Leniwe kocury
Zrobiło się bardzo , bardzo ciepło. W takie dni chętnie maszeruję do pracy. Nowy klimatyzator utrzymuje mnie przy życiu. Czasami – tak bywało w poprzednie lata – kiedy przychodziły bardzo upalne dni, nawet w czasie urlopu zamykałam się w kwiaciarni i nie chciałam wyjść. Jestem przekonana, że duża wilgotność i chłód dobrze robią mi na cerę i rozum.

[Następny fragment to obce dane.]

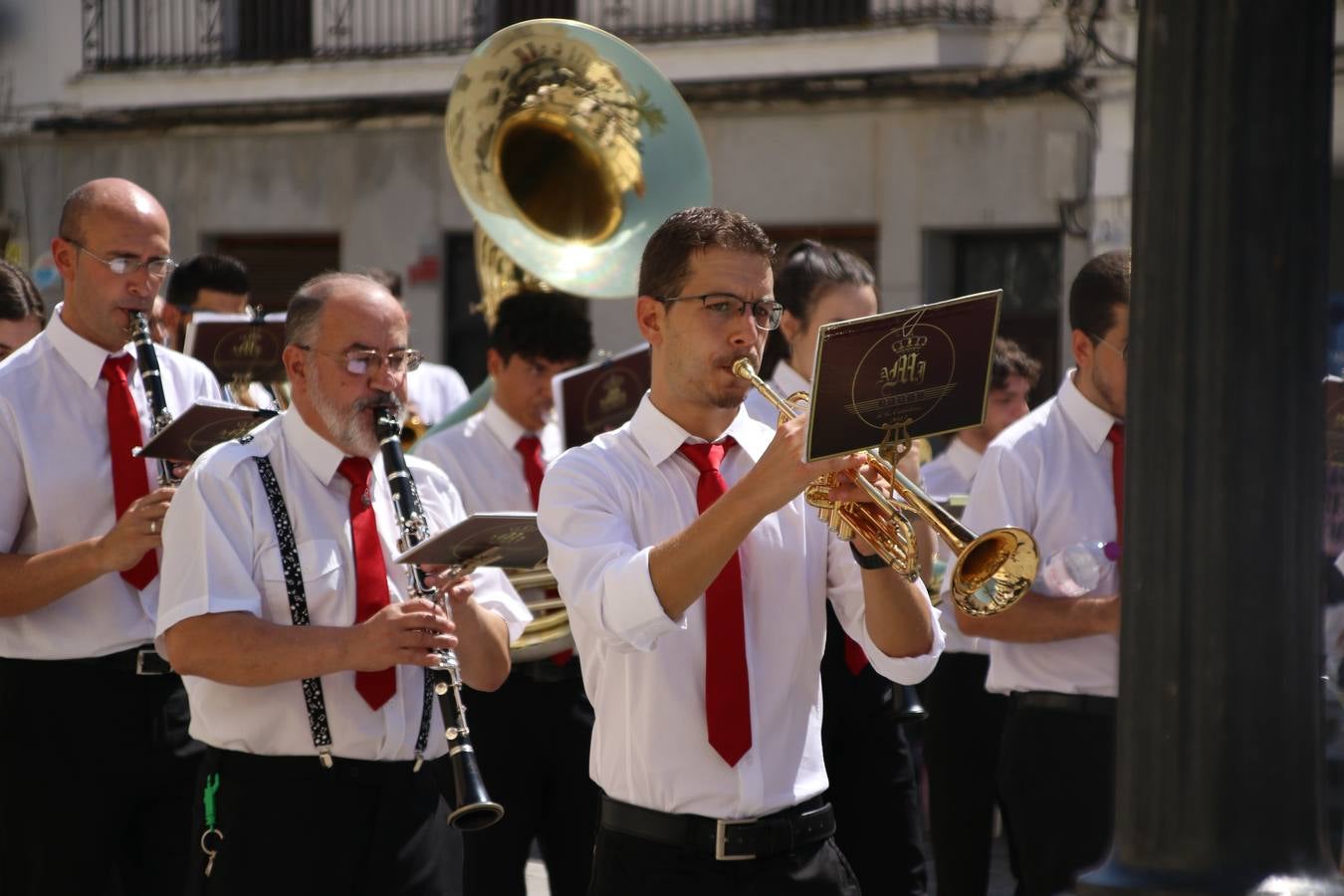 El popular 'Barrio Alto' vuelve, un año más, a lucir engalanado con motivo de la festividad de San Bartolomé, patrón de Jerez de los Caballeros. Ayer, vivía la primera jornada de su tradicional «velá» en la que el «diablo» fue el principal protagonista. Esta mañana, la fiesta continuaba con la procesión y los juegos populares. Autoridades civiles y religiosas, miembros de las diferentes hermandades y cofradías del municipio, la Agrupación Musical 'Nuestro Padre Jesús Nazareno', la Asociación Musical Jerez de los Caballeros y numerosos vecinos han acompañado a las imágenes de San Bartolomé y la Virgen del Reposo entre vítores. Mientras, los más pequeños han disfrutado con los juegos populares y las actividades acuáticas.
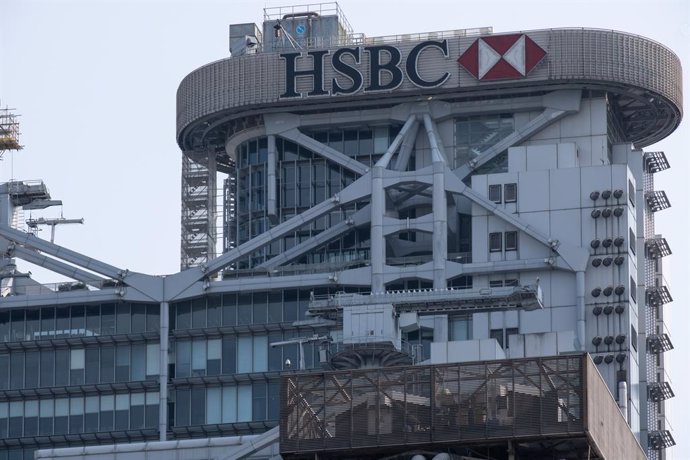 Archivo - 17 March 2021, China, Hong Kong: A general view of the HSBC's headquarters building in Hong Kong. HSBC Holdings Plc's main Hong Kong office have been closed until further notice after multiple positive coronavirus (COVID-19) cases found in the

Taką temperaturę wytrzymują natomiast bez stresu waldkowe koty. Wypalone w piecu, w temp.1120C nie przejmują się lejącym się z nieba żarem.Mają się dobrze, tłuściutkie i rozleniwione. Coś mi się własnie przypomniało….Nie wiem jak Wy, ale ja uwielbiam mądrości życiowe wygłaszane przez Garfielda. Ostatnio podobno stwierdził ,że : „Schudnąć, to jakby trochę umrzeć”. No cóż, miło jest znależć usprawiedliwienie dla swoich słabości choćby w słowach komiksowego – lecz przecież w pewnych kręgach uchodzacego za autorytet- kocura.